* SUPPLIED MATERIAL:
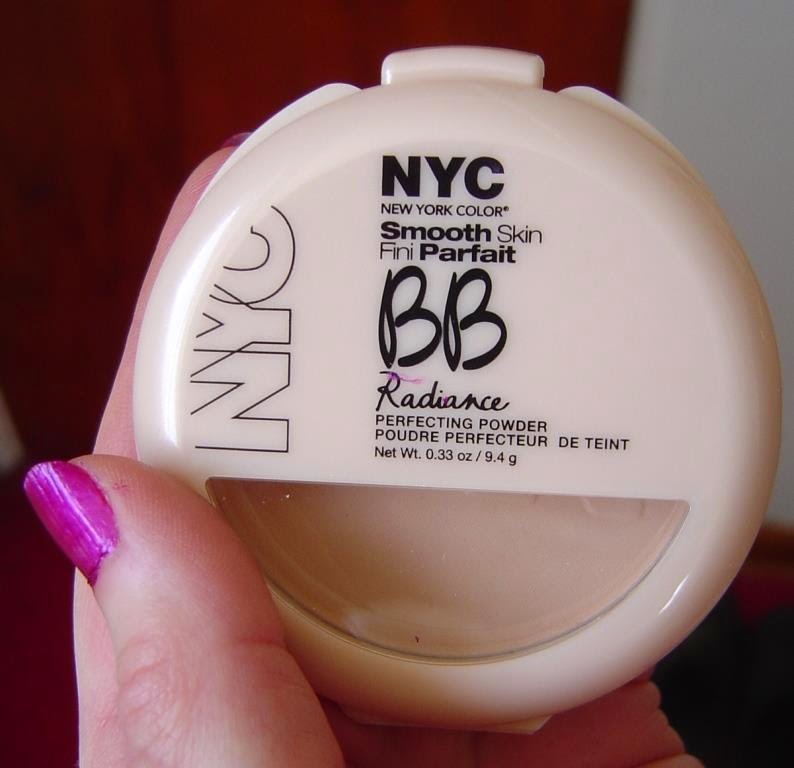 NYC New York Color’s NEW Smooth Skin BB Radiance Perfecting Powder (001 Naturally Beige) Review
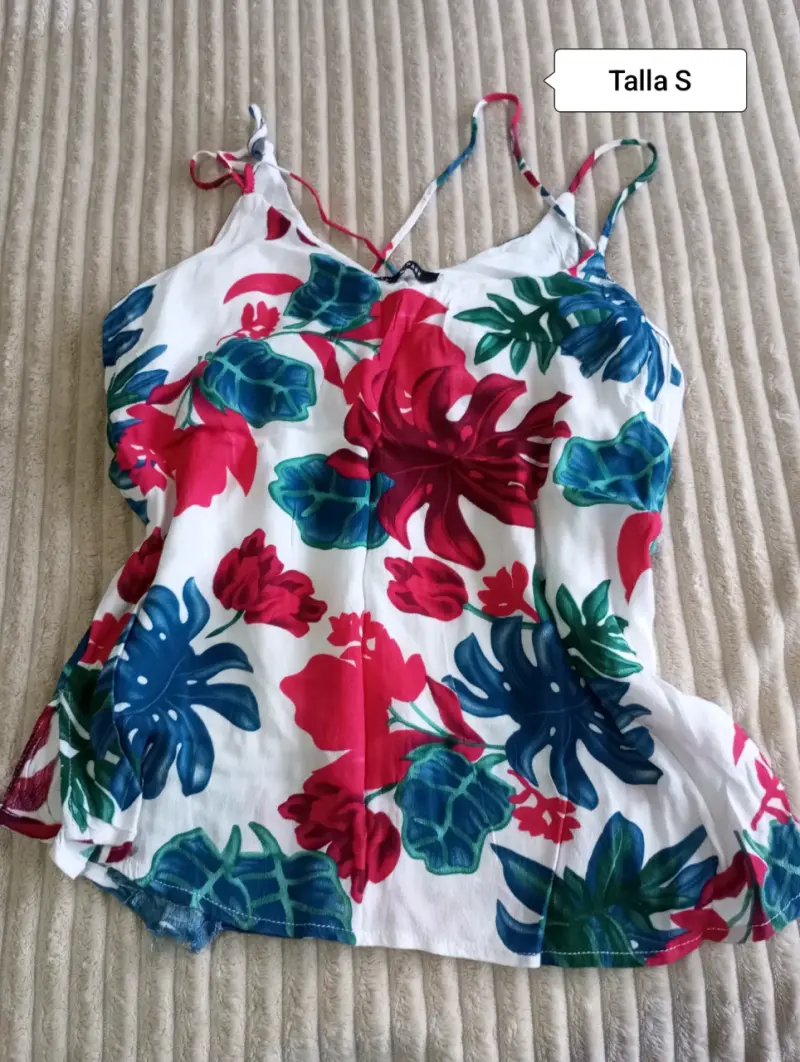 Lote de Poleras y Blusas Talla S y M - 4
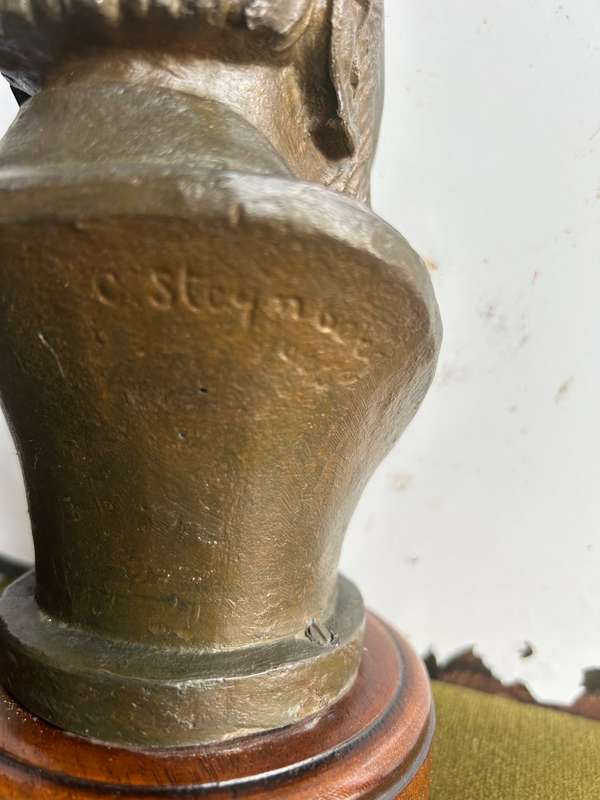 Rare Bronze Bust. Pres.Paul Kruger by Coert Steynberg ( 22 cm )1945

* DESCRIPTION OF THE TASK: Return an exact copy of the data above, apart from any pictures.

* SOLUTION BELOW:
 NYC New York Color’s NEW Smooth Skin BB Radiance Perfecting Powder (001 Naturally Beige) Review
 Lote de Poleras y Blusas Talla S y M - 4
 Rare Bronze Bust. Pres.Paul Kruger by Coert Steynberg ( 22 cm )1945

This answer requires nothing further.